> **COLLECTED DATA**
%%

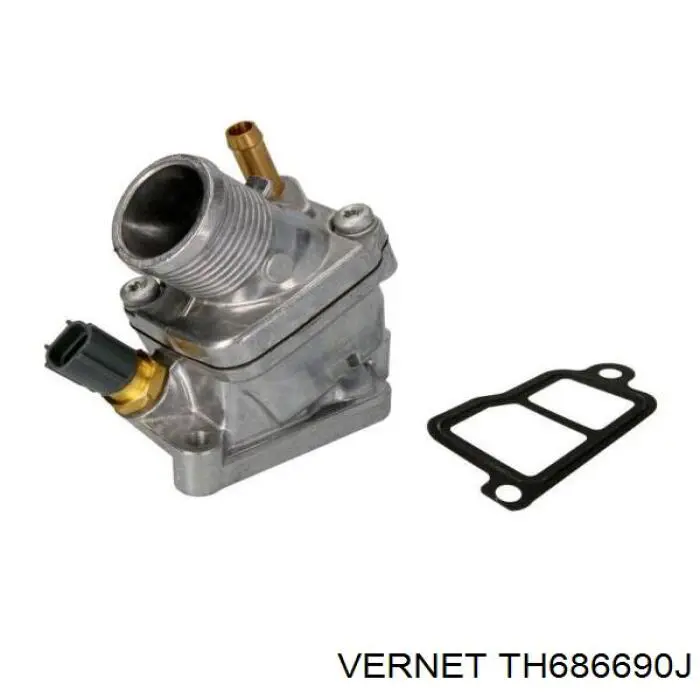Caja de termostato TH686690J Pierburg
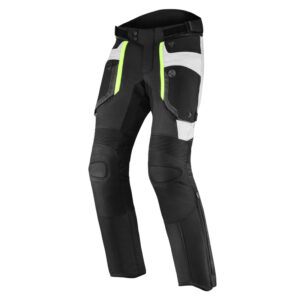 Spodnie tekstylne REBELHORN BORG BLACK/GREY/FLO YELLOW
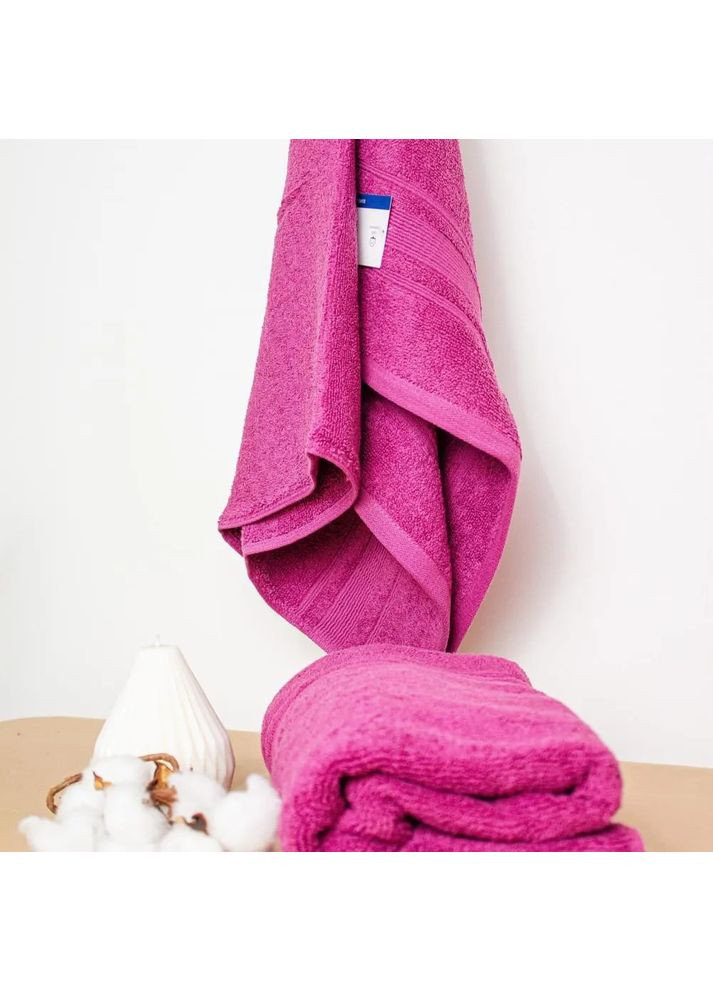 Полотенце для рук Fancy Р-04180_29735 50х90 см фуксия ТЕП комбинированный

%%

> **PROMPT**
The expected result is the material restated word for word, minus any picture.

> **RESULT FOR THIS EXERCISE**
Caja de termostato TH686690J Pierburg
 Spodnie tekstylne REBELHORN BORG BLACK/GREY/FLO YELLOW
 Полотенце для рук Fancy Р-04180_29735 50х90 см фуксия ТЕП комбинированный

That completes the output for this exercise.